Since the last post, I cant really say that I have made progress. It doesnt seem too heavy in the dwarf hair grass but still there. It is mostly on the substrate aournd the base of my plants in little balls. Some of it hangs onto certain plants looking like long stands of hair stuck on it.


----------



## PeteyPob (Apr 26, 2004)

One more thing I thought of that might be contributing to this pestering algae is water change schedual. I havent been too steady on the weekly changes. Sometimes I go two weeks without water change. Im going to try and keep it at a week and see what happens there.


----------



## PeteyPob (Apr 26, 2004)

I think I have found the root to my problem!!!!!

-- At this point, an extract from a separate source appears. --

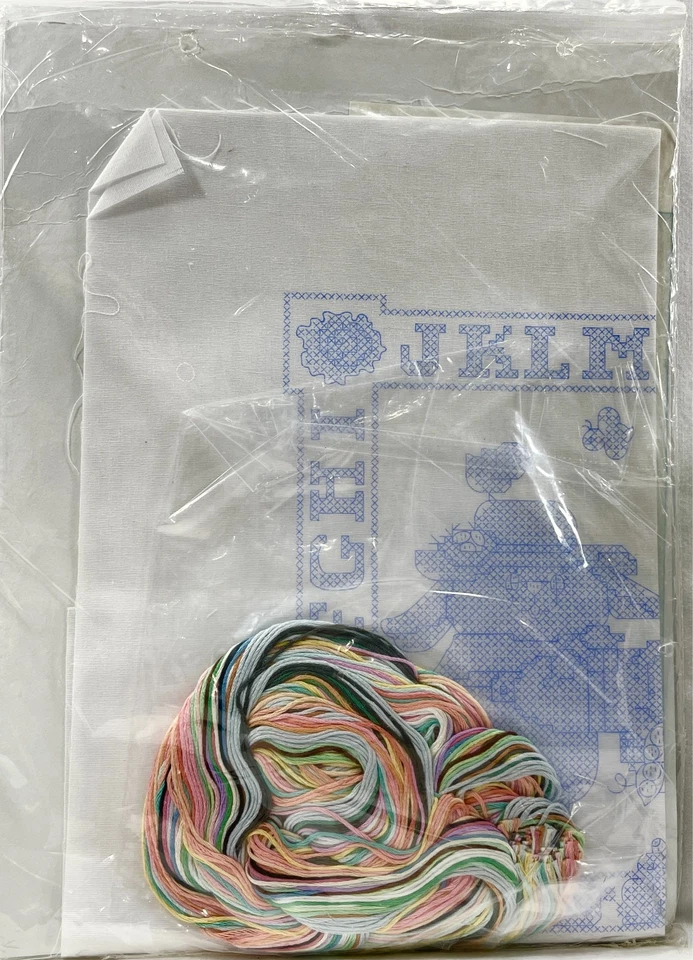 Nuevo kit de punto de cruz estampado Bucilla Gardening Bunnies 40757 1993 12x12 17172 Foto 2 de 2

This morning I decided to TEST my levels and see where I sit. I have not done this for a very LONG time, I dont think I can remember. I guess I got full of myself and never felt the need to whip out the test kit. Finaly got back the water params from my local H2O company and made an interesting discovery!!!!
The city waters nitrate content increased dramaticaly. In a disclosure note they said it has been like this for a little over 6months! Seeing I requested this information 4 months ago I never really knew there was a change. 
Broke out my nitrate and phosphate test kits, blew the months of accumilated dust and cob webs and tested. 
NITRATE=40ppm +!!!!!!!!!!!
Phosphate=0ppm-maybe near the 1 mark!!!!!!!!!!!!

I am dosing 1/2tsp of nitrate and 1/8tsp of phosphate as of right now. 
Whoudl decreasing the nitrate to 1/4 of a tsp and increasing my phos dosing a tab sound about right?


----------



## Cdn_Chica (Sep 3, 2004)

I am not the one to be asking about water chemistry! I'm really not able to answer your question! you should PM Rex he's a genious!


----------



## Cdn_Chica (Sep 3, 2004)

ive heard that seachem flourish exel will help rid the problem of hair algae


----------



## PeteyPob (Apr 26, 2004)

Ive pretty much wanted to stay away from excel as a treatment for it. 
I am noticing a slight decrease in the hair algae growth after discovering my watere params were out of wack. Put them in check and things are looking better....slowly.


----------



## PeteyPob (Apr 26, 2004)

Oh yea....my nirtrate and phosphate kits were bad when I tested my water :icon_redf . Bought new ones and got new results


----------